There are those in Europe that caution the strategic balance could quickly flip if China finds its economic feet again more quickly than currently envisaged. Then there’s the wild card: The potential for Donald Trump to return to the US presidency if he wins next year’s election.
Europe still sees China in a more mercantilist way than the US, meaning there’ll always be a gap in their policy approaches. “In Europe, Germany will never approve the scale of what the US wants. If Germany is going to remain an export nation, it can’t really change its relationship with China,” says Jim O’Neill, a former Goldman Sachs economist and UK Conservative government minister who coined the BRIC acronym two decades ago.
In the UK, where officials have been treading a line between treating Beijing as an economic partner and a national security risk, China’s slowdown is being greeted largely as welcome news that’ll help in the battle against the highest and stickiest inflation in the G-7, according to a person familiar with government thinking. In July, the International Monetary Fund revised down its global inflation forecast by 0.2 percentage points “largely on account of subdued inflation in China.”

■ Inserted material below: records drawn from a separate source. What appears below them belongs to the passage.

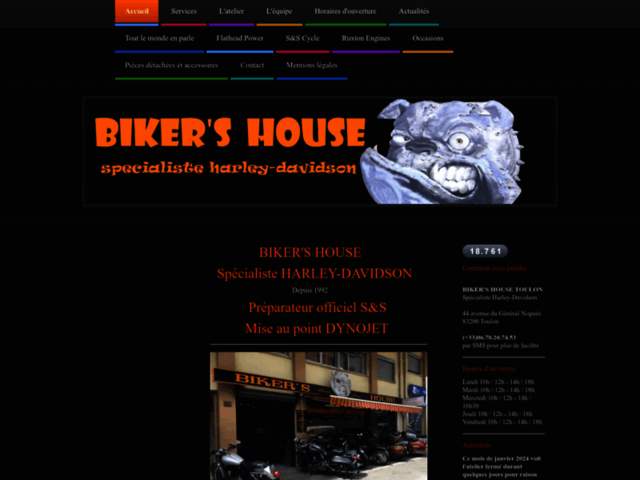 › Voir plus d'informations : Biker's House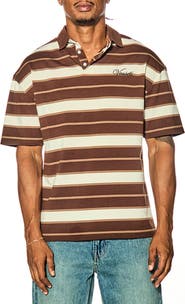 VOUSETI SS Post Game Oversize Stripe Cotton Polo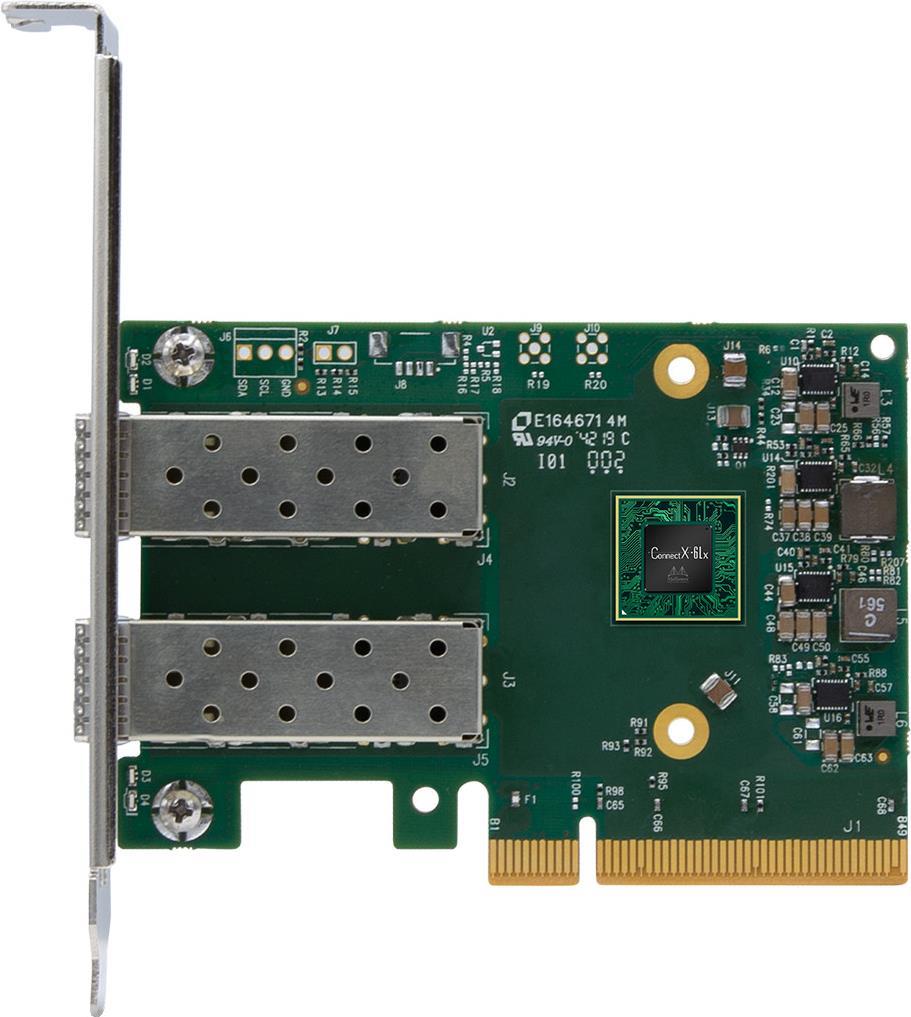 Lenovo Isg Thinksystem Mellanox ConnectX-6 Lx 10/25gbe Sfp28 2-Port Pcie Ethernet Adapter (4xc7a62580)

In Tokyo, officials are focused on the potential fallout for Japan and are closely watching how China’s leadership manages problems such as an aging population, which they have struggled with for decades.
For policymakers and their advisors in Washington and other capitals, it all adds up to a big question about what comes next: Will China’s economic wobbles lead to a more belligerent or a more accommodative China?

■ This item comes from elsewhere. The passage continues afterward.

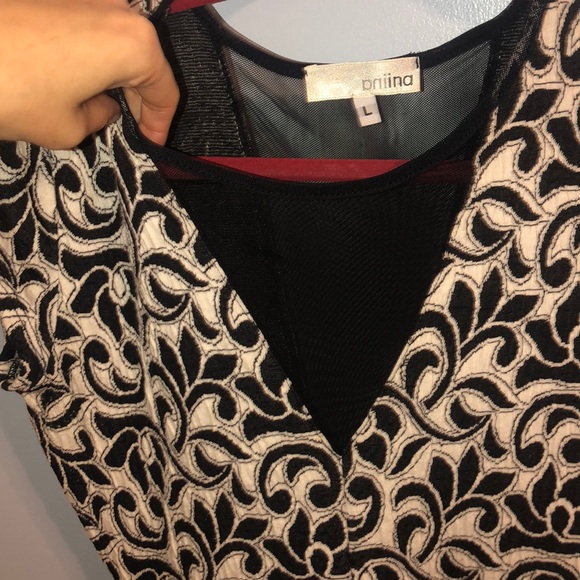 Black and white pattern dress - Picture 2 of 3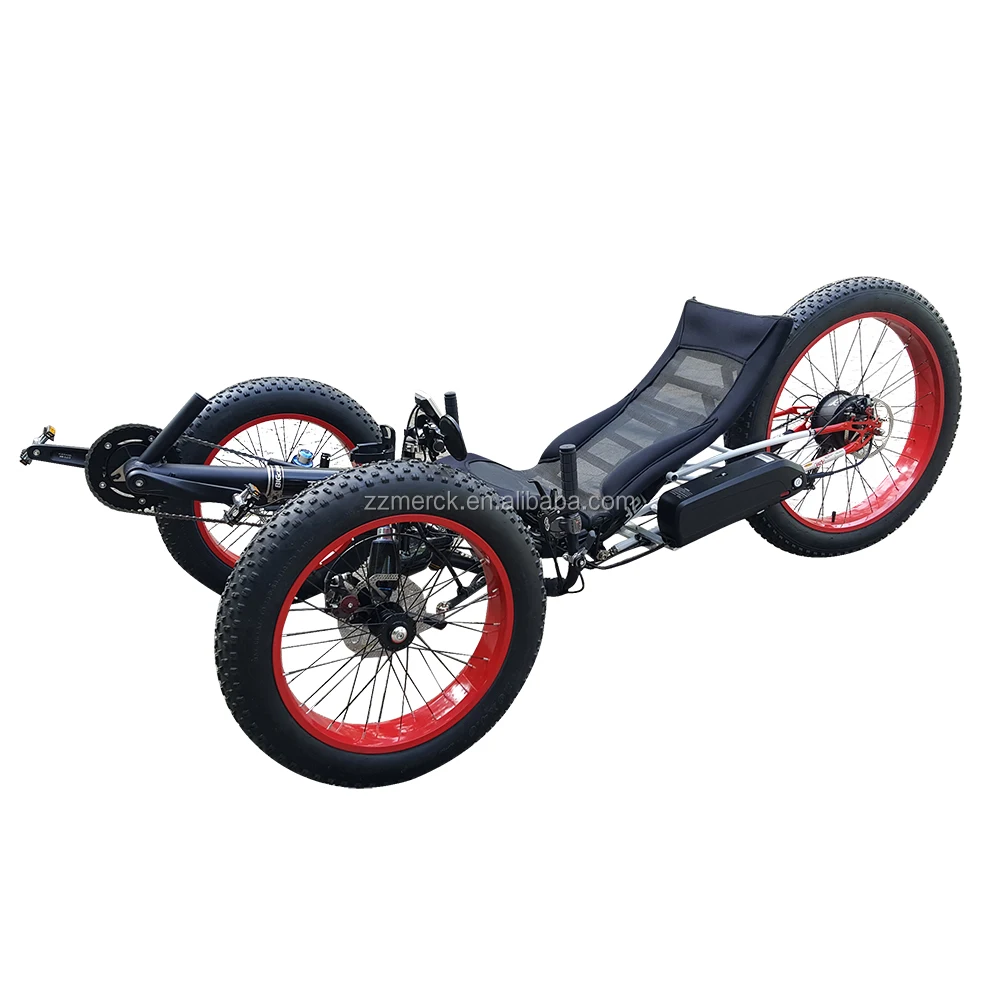 Electric Tricycle Fat Tire Recumbent Trike For Sale 500W Electric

Some worry that a wounded China could drive its Communist leadership to blame outside forces and rivals like the US for its economic woes, and make increasing tensions more likely.
Biden’s national security advisor, Jake Sullivan, last month sought to head off any efforts by China to blame US policies for its slowdown, arguing that the US wasn’t “seeking to slow down China’s economy or weaken China’s economic growth.” He and a long list of Biden officials have stressed the need for ongoing dialogue between the two economic heavyweights and that they are not seeking to decouple from China.
Harris, who used to work alongside Sullivan in the White House and helped draft a speech laying out a new vision for US economic policy he delivered in April, is among those who worry China’s faltering could cause leaders in Beijing to act more rashly. “A stagnant Chinese economy could well push Beijing toward more geopolitical volatility,” she says.
The more benign view is that the slowdown will be a blow to China’s push to sell its economic model as an alternative to those promoted by Western democracies. Or that it will cause China’s leaders to focus on domestic concerns and become less assertive on the global stage. “You could see it leading to a kind of a de-escalation of competition between the United States and China, particularly with respect to the rest of the world,” the Asia Society’s Cutler says.
On either side of that debate, those in the halls of power agree that even if a China growing more slowly would momentarily ease competition, Beijing will remain a formidable competitor in the global economy for many years to come.
“In key areas, Beijing remains powerful and ambitious: Its defense spending and military might continue to increase, its diplomacy is global, and it is party to economic arrangements that the United States is not,” says Fontaine of the Center for a New American Security. “Reports of its geopolitical demise are utterly premature.”